Joint Trade Association Letter Submitted to Congress

A group of financial services trade associations, including insurer, reinsurer and producer groups, submitted a joint letter dated April 29, 2009 (Joint Letter), to the Chairman and Ranking Member of the Senate Banking Committee and of the House Financial Services Committee.5 The Joint Letter indicates that state regulation “should remain available for those who choose it.” However, it indicates that “structural limitations” of the state system, and “the fact that insurance has become a global, integrated business” leads to the need for strong and uniform federal regulation of insurance companies, producers and holding companies. The Joint Letter includes a one-page “Outline for Federal Insurance Regulation” that focuses on 10 principles that are “essential components of insurance regulation reform” including, among others: market stability oversight; solvency regulation; consumer protection; continuing viability of state premium taxes; and appropriate guaranty fund coverage.

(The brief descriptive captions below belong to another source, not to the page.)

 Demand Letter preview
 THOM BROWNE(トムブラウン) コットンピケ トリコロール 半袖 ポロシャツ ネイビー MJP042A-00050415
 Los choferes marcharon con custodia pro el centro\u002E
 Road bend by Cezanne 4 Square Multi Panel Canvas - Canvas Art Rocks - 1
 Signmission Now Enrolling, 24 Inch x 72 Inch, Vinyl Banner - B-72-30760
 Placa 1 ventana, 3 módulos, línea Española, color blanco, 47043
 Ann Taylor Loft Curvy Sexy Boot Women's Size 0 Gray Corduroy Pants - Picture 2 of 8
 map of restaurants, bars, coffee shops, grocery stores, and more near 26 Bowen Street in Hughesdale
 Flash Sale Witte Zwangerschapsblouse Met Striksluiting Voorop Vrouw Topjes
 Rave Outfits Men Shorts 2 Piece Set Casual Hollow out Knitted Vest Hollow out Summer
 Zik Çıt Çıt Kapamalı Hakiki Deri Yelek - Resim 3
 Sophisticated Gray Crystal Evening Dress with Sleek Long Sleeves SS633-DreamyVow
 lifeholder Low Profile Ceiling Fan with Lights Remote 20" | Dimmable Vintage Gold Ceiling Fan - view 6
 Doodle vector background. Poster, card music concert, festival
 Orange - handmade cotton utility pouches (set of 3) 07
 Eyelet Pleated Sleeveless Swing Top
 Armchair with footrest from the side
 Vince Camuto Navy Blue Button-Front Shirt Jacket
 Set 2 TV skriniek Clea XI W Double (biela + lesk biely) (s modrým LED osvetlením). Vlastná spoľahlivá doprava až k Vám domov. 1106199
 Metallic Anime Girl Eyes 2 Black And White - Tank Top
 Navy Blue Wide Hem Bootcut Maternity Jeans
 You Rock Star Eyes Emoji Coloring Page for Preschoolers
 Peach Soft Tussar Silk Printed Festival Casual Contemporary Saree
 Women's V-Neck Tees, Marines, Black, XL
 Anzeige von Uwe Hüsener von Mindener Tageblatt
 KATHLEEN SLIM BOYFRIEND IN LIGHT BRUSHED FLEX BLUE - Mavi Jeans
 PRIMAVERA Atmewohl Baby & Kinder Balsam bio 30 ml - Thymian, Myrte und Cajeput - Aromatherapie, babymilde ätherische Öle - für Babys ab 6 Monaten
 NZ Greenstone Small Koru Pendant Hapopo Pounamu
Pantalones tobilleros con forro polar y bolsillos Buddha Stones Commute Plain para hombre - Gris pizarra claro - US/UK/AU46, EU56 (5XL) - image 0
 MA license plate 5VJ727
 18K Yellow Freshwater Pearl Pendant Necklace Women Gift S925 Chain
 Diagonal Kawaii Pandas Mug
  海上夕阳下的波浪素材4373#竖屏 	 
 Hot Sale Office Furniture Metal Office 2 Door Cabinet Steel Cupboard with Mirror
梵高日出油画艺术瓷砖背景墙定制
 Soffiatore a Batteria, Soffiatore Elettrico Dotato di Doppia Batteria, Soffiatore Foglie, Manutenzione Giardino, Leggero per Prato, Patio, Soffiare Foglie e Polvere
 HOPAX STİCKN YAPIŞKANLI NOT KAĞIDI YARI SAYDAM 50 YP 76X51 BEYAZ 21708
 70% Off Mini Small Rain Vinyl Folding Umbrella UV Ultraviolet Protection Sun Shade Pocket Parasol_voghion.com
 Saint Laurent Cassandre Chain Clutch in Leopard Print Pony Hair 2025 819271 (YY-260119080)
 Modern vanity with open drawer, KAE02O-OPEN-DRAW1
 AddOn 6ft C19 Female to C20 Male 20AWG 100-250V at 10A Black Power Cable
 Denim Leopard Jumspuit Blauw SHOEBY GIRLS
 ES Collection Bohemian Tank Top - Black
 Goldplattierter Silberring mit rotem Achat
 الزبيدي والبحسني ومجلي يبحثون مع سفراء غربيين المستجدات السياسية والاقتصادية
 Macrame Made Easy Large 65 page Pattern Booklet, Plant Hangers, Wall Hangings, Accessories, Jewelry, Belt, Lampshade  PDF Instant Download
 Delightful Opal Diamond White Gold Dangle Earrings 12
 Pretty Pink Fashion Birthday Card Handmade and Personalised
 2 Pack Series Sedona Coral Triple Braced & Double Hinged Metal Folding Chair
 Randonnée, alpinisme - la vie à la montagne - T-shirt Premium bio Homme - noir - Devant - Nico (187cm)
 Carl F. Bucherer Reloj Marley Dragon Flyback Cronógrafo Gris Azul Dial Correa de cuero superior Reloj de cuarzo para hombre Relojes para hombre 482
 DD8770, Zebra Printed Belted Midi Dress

GAO Report: Insurance Reciprocity and Uniformity

The Government Accountability Office (GAO) delivered a report in April 2009 to certain members of the House Financial Services Committee entitled “Insurance Reciprocity and Uniformity: NAIC and State Regulators Have Made Progress in Producer Licensing, Product Approval, and Market Conduct Regulation, but Challenges Remain” (GAO Report).6 The report follows on the GAO’s January 2009 report titled “Financial Regulation: A Framework for Crafting and Assessing Proposals to Modernize the Outdated U.S. Financial Regulatory System,” in which the GAO suggests “Congress could consider the advantages and disadvantages of providing a federal charter option for insurance and creating a federal insurance regulatory authority.”7

The GAO Report examines the degree of reciprocity and uniformity in state insurance regulation in three areas: (1) producer licensing; (2) product approvals; and (3) market conduct examinations and regulation. While the GAO Report chronicles some of the successes state insurance regulators have achieved in streamlining regulation of those areas, it also indicates that more work remains to be done. For example, with respect to producer licensing, it focuses on the inability of many states to perform full criminal background checks of their agents using fingerprinting on applicants as part of their producer licensing programs. The GAO Report highlights some of the more intractable issues that the NAIC faces in working toward uniformity, or even reciprocity, in state insurance regulation because of the different state statutory standards and marketplace realities in each state.